What you need to do =>
Starting at the line that contains "product image of dakota driveway sensor", repeat each line of the listing below through the last one, exactly, and leave out every picture.

----

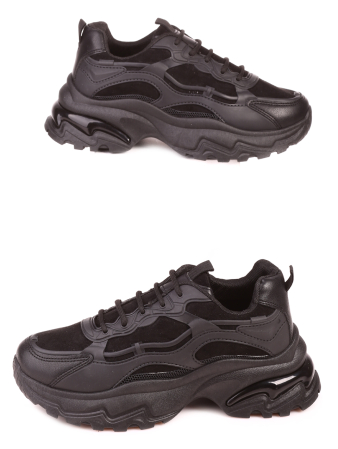 pantofi-sneakers-dama-paolo-botticelli-3u-25513 [4]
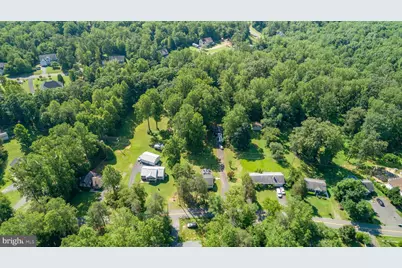 665 Holly Corner Rd, Fredericksburg, VA 22406 - Photo 70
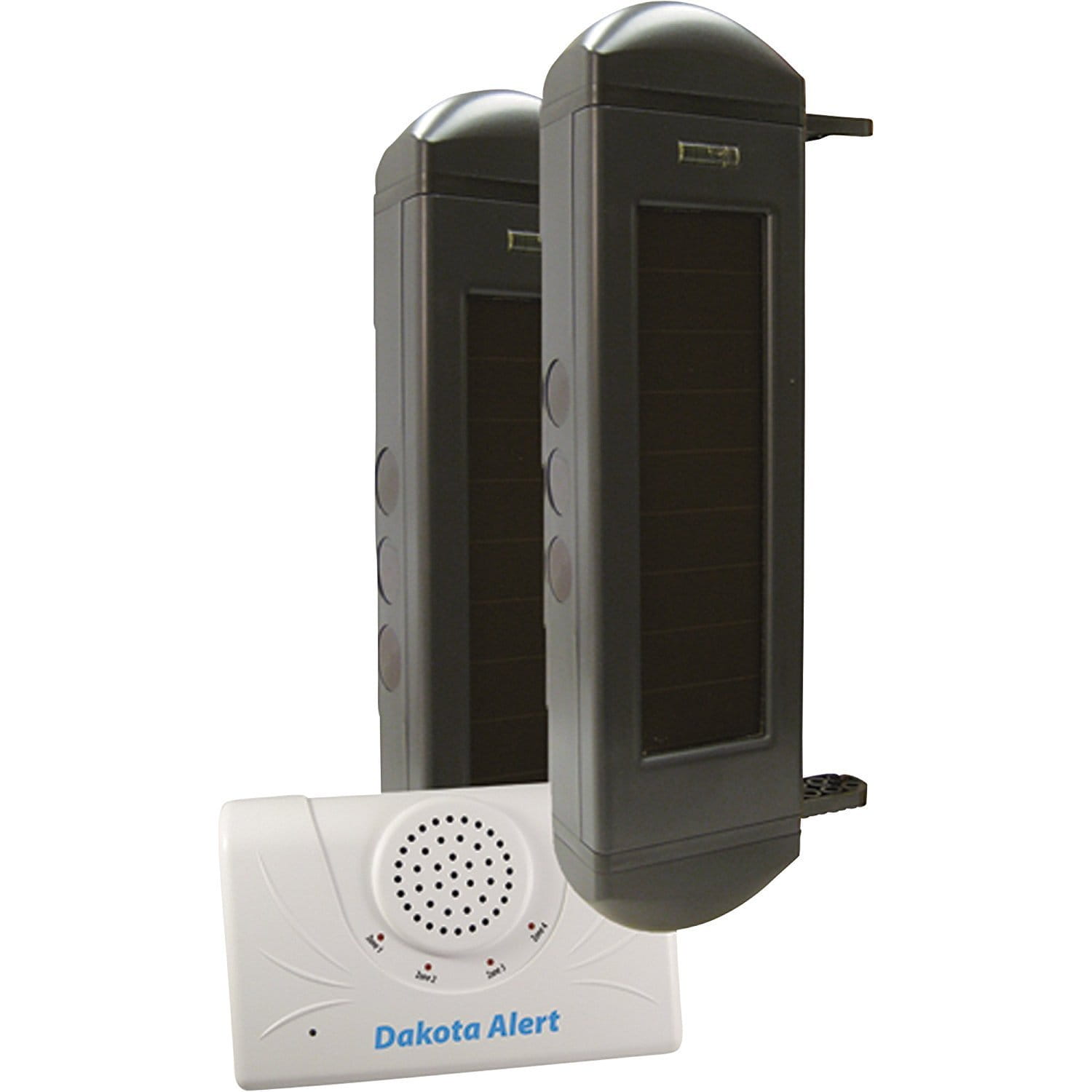 product image of dakota driveway sensor
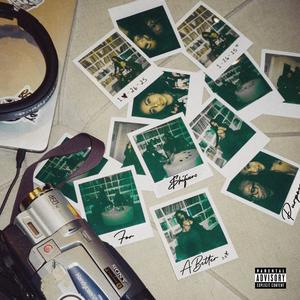 PINKFIFTIES (feat. Multiplayas) (Explicit)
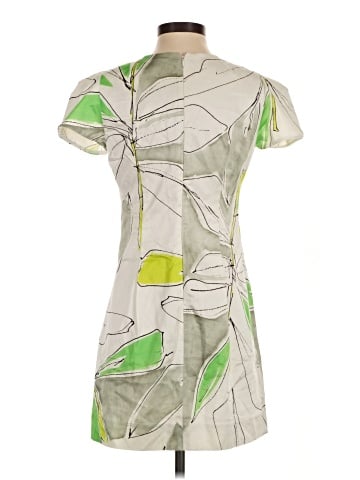 Milly Casual Dress (view 2)
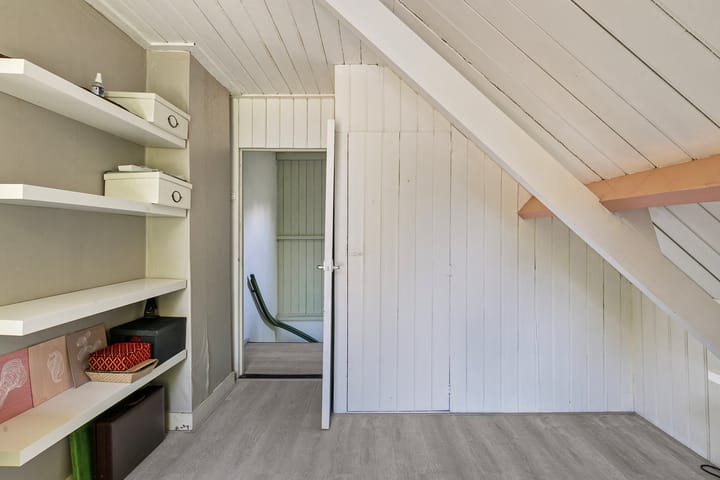 Foto 32 van Bakenbergseweg 270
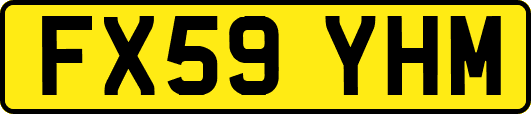 FX59YHM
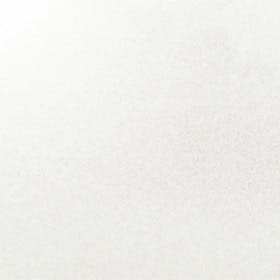 ジュエリーホワイトN\n 人工大理石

----

Reply =>
 product image of dakota driveway sensor
 PINKFIFTIES (feat. Multiplayas) (Explicit)
 Milly Casual Dress (view 2)
 Foto 32 van Bakenbergseweg 270
 FX59YHM
 ジュエリーホワイトN\n 人工大理石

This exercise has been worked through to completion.